So you'd think, as rapidly as Garrett is growing, the things I'd be most concerned about with his development are 'is he trying to walk enough?' 'can he hear me when I call his name?' 'does he KNOW his name?' 'will he have a peanut allergy because I could live on peanut butter if allowed, so if my kid has an allergy what will I do?'
But no. My biggest worry right now is not being able to understand what he is trying to say as he gets more vocal. I'm always around parents who's child speaks a language only they understand and the parent says "that's right, junior, that's the doggy..." or "oh you'd like a banana?". And I always am baffled. How did the parent get banana from 'ranrethaa'?

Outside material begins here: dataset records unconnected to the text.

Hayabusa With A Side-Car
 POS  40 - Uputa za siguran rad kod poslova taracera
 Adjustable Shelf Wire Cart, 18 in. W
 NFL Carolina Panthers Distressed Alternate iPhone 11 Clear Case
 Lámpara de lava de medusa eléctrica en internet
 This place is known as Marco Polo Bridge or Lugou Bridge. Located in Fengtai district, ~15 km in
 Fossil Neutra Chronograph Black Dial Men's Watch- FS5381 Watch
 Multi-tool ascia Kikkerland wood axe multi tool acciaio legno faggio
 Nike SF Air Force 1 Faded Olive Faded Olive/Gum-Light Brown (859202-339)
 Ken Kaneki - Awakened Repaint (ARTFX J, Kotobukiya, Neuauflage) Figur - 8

Case in point. Garrett goes to daycare four days a week. By all accounts, he has a great time. He no longer cries when I leave him. He grins and giggles when we arrive...he waves bye when we leave. He's in toy paradise there. He's very busy. But his daycare provider, who I really like and think is good for him, tells me "Oh he said cracker all day today!" Or, "he said tiger today and he loves his tiger and all he says is tiger tiger tiger."
What? I have never heard him say tiger or cracker. I have never heard him say anything that resembles these things. So now I am paralyzed with fear that I am not going to know what in the world he is trying to convey if I can't understand him.
Recently, he started saying Dawby...or Dawba or Dahba...so I'm wondering...is he combining 'doggy' and 'gabby'? Doggy and Dada? How do I know??? The other night as we were commuting home together (the best part of having him in daycare literally two minutes from the college), I spent the whole ride home saying 'Tiiiiiiger. Say Tiiiiiger.' My commute is about 25 minutes. I have no idea if he fell asleep listening to my one word conversation, but he never said it. He did mumble "brdrwrnrr" Was that tiger? I don't know. I just hope that when the time comes for him to be a little more vocal, that I will finally hear what other parents seem to magically understand.